DATASET SECTION:
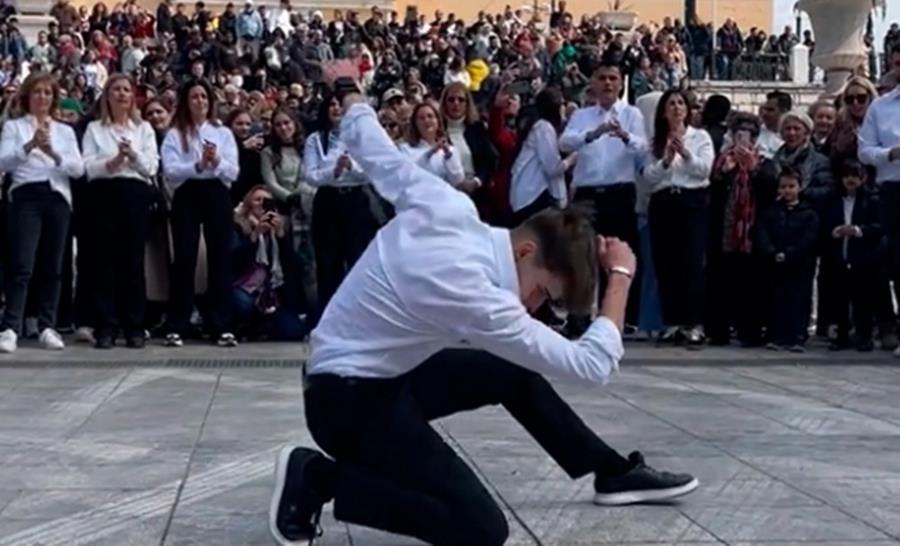 5437532391661357 cats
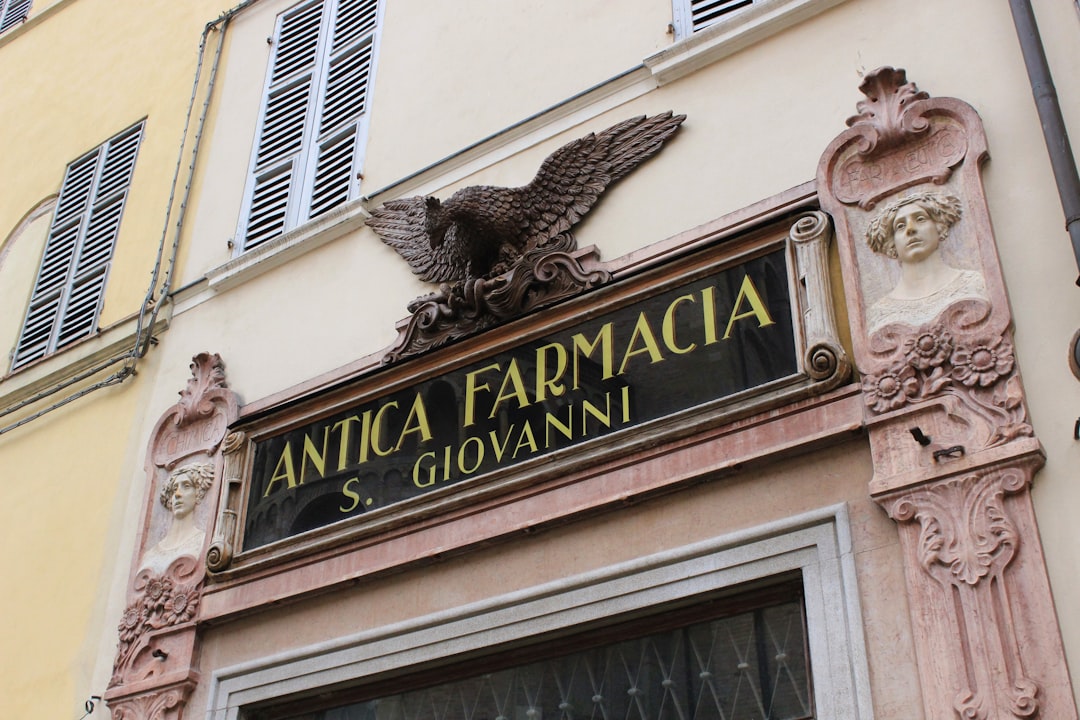 Antica Farmacia S. Giovanni a Parma: dettaglio architettonico e insegna storica vicino al luogo dell'aggressione alla studentessa.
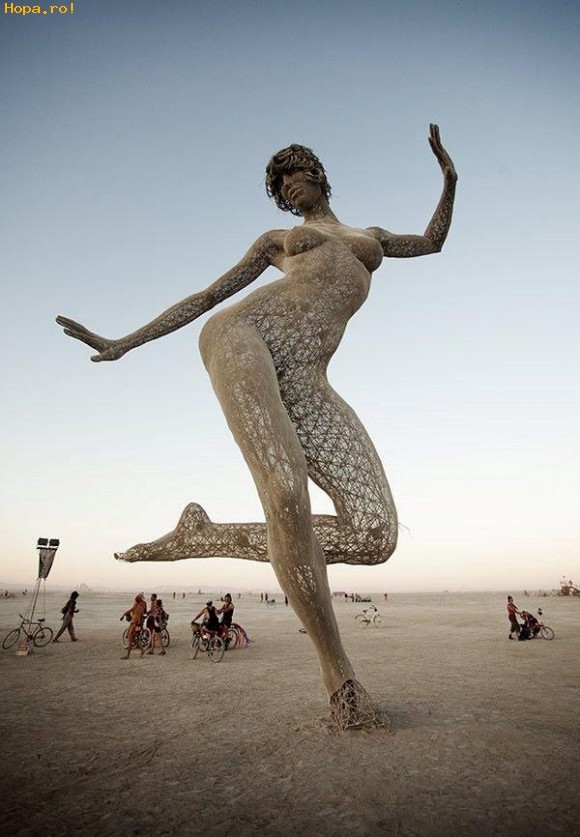 Artistice - O statuie deosebita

THE PROBLEM:
Where a picture appears, skip it; repeat everything else in the data exactly.

RESULT OF THIS EXERCISE:
 5437532391661357 cats
 Antica Farmacia S. Giovanni a Parma: dettaglio architettonico e insegna storica vicino al luogo dell'aggressione alla studentessa.
 Artistice - O statuie deosebita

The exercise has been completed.